First, citation rate per engine on a fixed 100-prompt panel. Run the panel against ChatGPT, Claude, AI Overview, AI Mode, and Perplexity. Record which URL is cited and how often. The 25K-page NBFC case landed at 8% on ChatGPT, 15.6% on AI Overview, and 19% on AI Mode at baseline. The engine spread is part of the diagnostic.

Second, internal coherence rate. Pick ten prompts the cluster targets, run each through three engines, and check whether the answer the model gives is consistent across engines. Inconsistency is a sign of cluster-internal contradiction, not engine variance.

Third, conversion-adjusted impression share. Impressions alone do not tell you the cluster is working. Conversions per cited impression is the honest signal. The manufacturing work surfaced one product line with 74.7% conversion that was being out-trafficked by a 21.1%-conversion line. The cluster fix prioritised protecting the high-converting line first, traffic-shifting later.

Our AI visibility audit establishes these baselines and the rebuild plan against them. Sites with crawl or canonical issues that are blocking cluster signal benefit from a parallel technical SEO audit. Cluster patterns by industry are documented in BFSI growth engineering and manufacturing growth engineering.

Practitioner Takeaway

  1. Run a 100-prompt panel across five engines on your top cluster this month. Record citation rate and the specific URLs cited. The variance reveals the cluster’s coherence.
  2. List your URLs against intent slots, not against keywords. Use real prompts grouped by intent class. Mark each URL as primary fit, partial fit, or no fit.
  3. Pick the anchor page and rewrite its opening 60 to 100 words. Named entity, claim, number or date. Plain HTML. This is the passage retrieval will lift.
  4. Deprecate the no-fit URLs. 301 to the anchor. Remove from sitemap. Audit the cluster’s signal six weeks later.
  5. Set differential refresh cadences. Anchor quarterly. Time-sensitive leaves monthly. Definitional leaves yearly. Schema dateModified reflects real review.
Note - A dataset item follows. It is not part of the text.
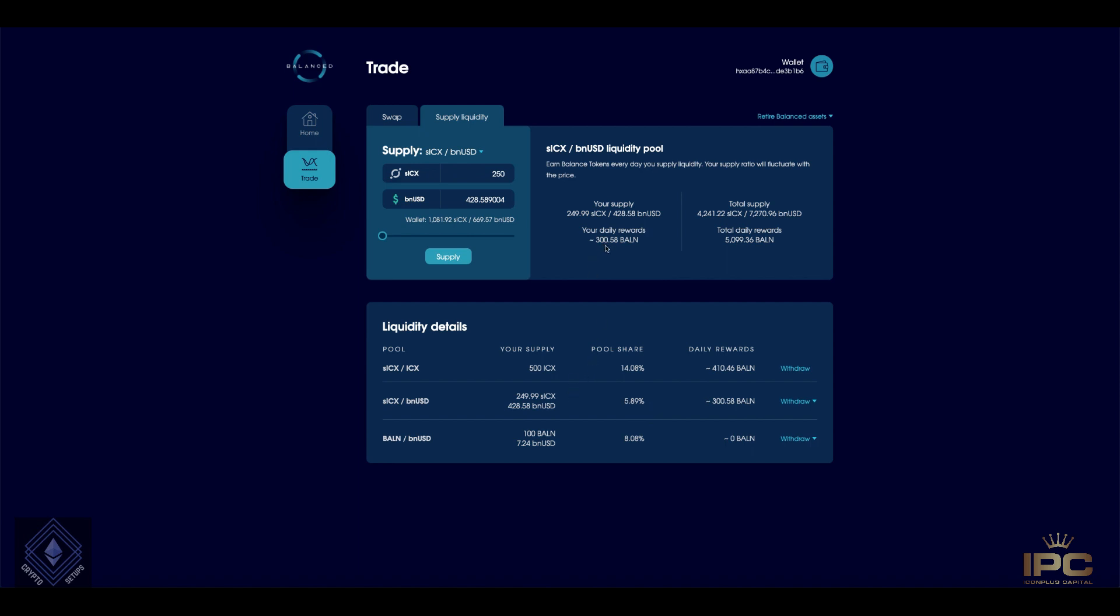Great. So I've supplied, you can see I would get the daily rewards of 300. Over here is ICX and ICX, I'm looking at 400 balanced, and then there's another pair I can supply liquidity to. So let's go to that, which is the balance BNUSD.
Frequently Asked Questions

How is LLM clustering different from Google’s topical authority model?

Topical authority is a property-level signal that Google’s ranking system uses to weight an entire domain on a subject. LLM clustering is a passage-level retrieval decision that happens at query time. A site can carry strong topical authority and still produce a cluster where the model cannot extract a clean citation, because the two systems measure different things. Both matter. They require different treatments.

Should I delete pages that have impressions but no LLM citations?

Not automatically. Impressions still produce branded recall, classical click traffic, and ranking signal. The deprecation candidates are pages with low impressions, no conversions, and no LLM citations. That combination is where the editorial cost outweighs the surface value.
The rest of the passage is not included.